Like all recent mornings, there is, as I write this, a gigantic jackhammer jackhammering right outside my window. The jackhammer is destroying a 50,000 gallon underground concrete cistern. This cistern, constructed at great expense at the urging of my architect (“you’ve never tasted water so good!”), was meant to collect rainwater off the roof of the bunkhouse. And it did, in fact, collect some of that. It also collected oak pollen, squirrel feces, katydid frass, and the incessant involvement of my annoying handyman, who was obliged to ascend the roof with a leaf-blower seemingly every other day in a futile attempt to combat nature’s natural impulse to deposit its stankonious detritus over every square millimeter of Dreadful Acres.
The fact that rainwater collection necessitated daily interactions with a person as annoying as my handyman made that aspect of the process particularly trying.
The mosquitoes, though, were the cistern’s most truly breathtaking product. In the middle of a 3-year drought, with no other standing water around for miles, my house was a beacon, a spa, a luxury resort for mosquitoes. They spawned like mad in the cistern, where they were protected from both predators and, owing to the intended purpose of the water (drinking), from pesticides. For eight months out of the year any trip outside the house in shorts and a T-shirt was a foolhardy suicide mission.
“You aren’t going outside?”
“But I have to.
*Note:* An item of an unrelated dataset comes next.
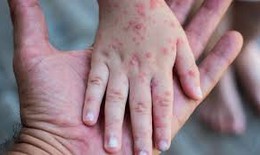 Dịch sởi b&#249;ng ph&#225;t mạnh tại Mỹ, h&#224;ng trăm trẻ em phải c&#225;ch ly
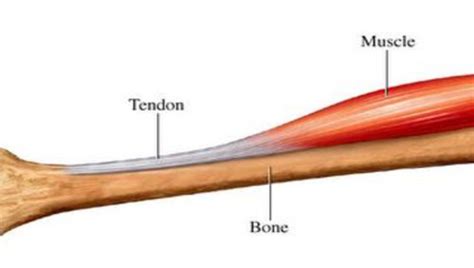 What is a tendon?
The horses haven’t eaten since, like, April.”
“Well, here, just slip on this suit of armor.”
“Are you crazy? It’s 102 degrees out there.”
“Then at least spray yourself with Deep Woods Off. The bugs’ll still bite you, but at least you’ll get cancer.”
One would limp back in moments later, stinking of DEET, disfigured by stinging red bumps, scratching bloody divets into the skin, defeated, showing symptoms of malaria.
Meanwhile, a couple of months ago something or someone crawled into the cistern and died. The water went septic. I wonder if you grasp my meaning. The entire house stunk a stink the sheer enormity of which words cannot adequately express. Let me just tell you, you haven’t lived (in hell) until you’ve showered with water in which an unidentified mammal has recently decomposed.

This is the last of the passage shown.